_Record extracts_.

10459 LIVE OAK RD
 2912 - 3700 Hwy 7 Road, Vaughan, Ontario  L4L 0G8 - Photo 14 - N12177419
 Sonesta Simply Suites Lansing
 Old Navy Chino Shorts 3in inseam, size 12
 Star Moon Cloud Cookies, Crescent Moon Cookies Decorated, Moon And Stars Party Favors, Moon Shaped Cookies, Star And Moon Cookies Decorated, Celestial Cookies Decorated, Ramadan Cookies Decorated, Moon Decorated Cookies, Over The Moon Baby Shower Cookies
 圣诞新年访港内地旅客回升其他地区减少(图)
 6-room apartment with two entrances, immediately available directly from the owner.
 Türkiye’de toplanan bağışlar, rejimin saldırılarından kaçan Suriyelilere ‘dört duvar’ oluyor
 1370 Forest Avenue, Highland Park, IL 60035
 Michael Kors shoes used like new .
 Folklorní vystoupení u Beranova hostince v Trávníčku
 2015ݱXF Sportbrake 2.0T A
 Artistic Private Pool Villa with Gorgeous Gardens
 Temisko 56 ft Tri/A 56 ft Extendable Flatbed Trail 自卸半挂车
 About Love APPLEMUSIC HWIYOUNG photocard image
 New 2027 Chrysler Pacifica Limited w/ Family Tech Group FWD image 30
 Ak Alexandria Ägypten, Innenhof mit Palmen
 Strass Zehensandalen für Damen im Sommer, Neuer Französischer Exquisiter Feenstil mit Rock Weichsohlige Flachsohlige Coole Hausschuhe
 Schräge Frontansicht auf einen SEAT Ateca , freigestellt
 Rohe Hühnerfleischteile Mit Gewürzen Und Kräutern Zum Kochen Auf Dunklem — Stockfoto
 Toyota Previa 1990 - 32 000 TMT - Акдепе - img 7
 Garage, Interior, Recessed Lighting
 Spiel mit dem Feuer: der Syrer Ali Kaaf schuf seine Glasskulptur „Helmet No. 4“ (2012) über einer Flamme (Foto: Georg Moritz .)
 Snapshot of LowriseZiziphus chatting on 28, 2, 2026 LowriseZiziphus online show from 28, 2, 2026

_What you have to do_. From the data above, copy each line exactly.

_The answer_.
10459 LIVE OAK RD
 2912 - 3700 Hwy 7 Road, Vaughan, Ontario  L4L 0G8 - Photo 14 - N12177419
 Sonesta Simply Suites Lansing
 Old Navy Chino Shorts 3in inseam, size 12
 Star Moon Cloud Cookies, Crescent Moon Cookies Decorated, Moon And Stars Party Favors, Moon Shaped Cookies, Star And Moon Cookies Decorated, Celestial Cookies Decorated, Ramadan Cookies Decorated, Moon Decorated Cookies, Over The Moon Baby Shower Cookies
 圣诞新年访港内地旅客回升其他地区减少(图)
 6-room apartment with two entrances, immediately available directly from the owner.
 Türkiye’de toplanan bağışlar, rejimin saldırılarından kaçan Suriyelilere ‘dört duvar’ oluyor
 1370 Forest Avenue, Highland Park, IL 60035
 Michael Kors shoes used like new .
 Folklorní vystoupení u Beranova hostince v Trávníčku
 2015ݱXF Sportbrake 2.0T A
 Artistic Private Pool Villa with Gorgeous Gardens
 Temisko 56 ft Tri/A 56 ft Extendable Flatbed Trail 自卸半挂车
 About Love APPLEMUSIC HWIYOUNG photocard image
 New 2027 Chrysler Pacifica Limited w/ Family Tech Group FWD image 30
 Ak Alexandria Ägypten, Innenhof mit Palmen
 Strass Zehensandalen für Damen im Sommer, Neuer Französischer Exquisiter Feenstil mit Rock Weichsohlige Flachsohlige Coole Hausschuhe
 Schräge Frontansicht auf einen SEAT Ateca , freigestellt
 Rohe Hühnerfleischteile Mit Gewürzen Und Kräutern Zum Kochen Auf Dunklem — Stockfoto
 Toyota Previa 1990 - 32 000 TMT - Акдепе - img 7
 Garage, Interior, Recessed Lighting
 Spiel mit dem Feuer: der Syrer Ali Kaaf schuf seine Glasskulptur „Helmet No. 4“ (2012) über einer Flamme (Foto: Georg Moritz .)
 Snapshot of LowriseZiziphus chatting on 28, 2, 2026 LowriseZiziphus online show from 28, 2, 2026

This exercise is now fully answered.